Charles Schwab shares surge 4% reaching ATH after Q2 earnings 📈

2:23 PM 18 July 2025

Charles Schwab Corp. (SCHW.US) shares are up almost 4% in premarket trading Friday, briefly brushing its record closing high of $96 set back in January 2022. The rally came after Schwab posted better-than-expected earnings and revenue for Q2, fueled by a notable resurgence in retail trading activity and a significant inflow of new accounts.
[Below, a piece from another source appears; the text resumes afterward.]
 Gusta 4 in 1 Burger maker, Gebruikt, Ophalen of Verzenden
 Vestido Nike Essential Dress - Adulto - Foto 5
  • For the quarter ending June 30, net income came in at $1.98 billion, or $1.08 per share. While down from a year-ago spike of $4.69 billion (or $5.85 per share), the figure still topped analyst expectations. On an adjusted basis, Schwab reported earnings of $1.14 per share, beating the FactSet consensus estimate of $1.10. Total revenue also impressed, rising to a record $5.85 billion, up from $4.69 billion last year and surpassing Wall Street’s $5.73 billion forecast.
  • One of the standout metrics for the quarter was a 23% surge in trading revenue, which hit $952 million. The jump reflects intensified market engagement during April’s dramatic equity pullback—dubbed by some as “Liberation Day,” when markets were jolted by a flurry of macroeconomic and geopolitical crosswinds. That Q2 volatility boosted Schwab’s transactional volumes and profits.
  • Schwab's client acquisition engine showed no signs of fatigue. The company reported over 1 million new brokerage accounts opened during the quarter. It's a significant figure by any measure—even for one of the largest retail brokerages in the world. Additionally, the firm attracted $80.3 billion in core net new assets, a 31% increase year-over-year. This influx helped push Schwab’s total client assets to a record $10.76 trillion, reflecting 14% annual growth.

SCHW.US, D1 interval

Through Thursday’s close, Schwab’s stock had gained almosg 26% year-to-date—significantly outperforming both the S&P 500 index and the Financial Select Sector SPDR ETF.  The return of active traders, alongside strong account growth and record assets, paints a picture of a firm well-positioned to benefit from both volatility-fueled trading spikes and long-term wealth management flows. As for now, shares in pre-market are higher than during the 2021 high.